| Exercise |
Below are entries. Copy exactly the lines running from the line that holds "Anthony Hopkins er" to the line that holds "Deel CEO and co-founder speaks on stage", with both ends included.

───── Data ─────

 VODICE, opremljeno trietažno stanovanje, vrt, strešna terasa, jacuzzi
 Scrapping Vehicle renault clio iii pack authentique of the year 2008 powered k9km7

─────
───── Data ─────

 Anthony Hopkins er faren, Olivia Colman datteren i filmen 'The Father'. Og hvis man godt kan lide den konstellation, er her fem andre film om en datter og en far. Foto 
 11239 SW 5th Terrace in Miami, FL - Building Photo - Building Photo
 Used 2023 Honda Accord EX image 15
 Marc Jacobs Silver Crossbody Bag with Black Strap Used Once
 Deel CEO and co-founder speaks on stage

─────

| Answer to the problem |
 Anthony Hopkins er faren, Olivia Colman datteren i filmen 'The Father'. Og hvis man godt kan lide den konstellation, er her fem andre film om en datter og en far. Foto 
 11239 SW 5th Terrace in Miami, FL - Building Photo - Building Photo
 Used 2023 Honda Accord EX image 15
 Marc Jacobs Silver Crossbody Bag with Black Strap Used Once
 Deel CEO and co-founder speaks on stage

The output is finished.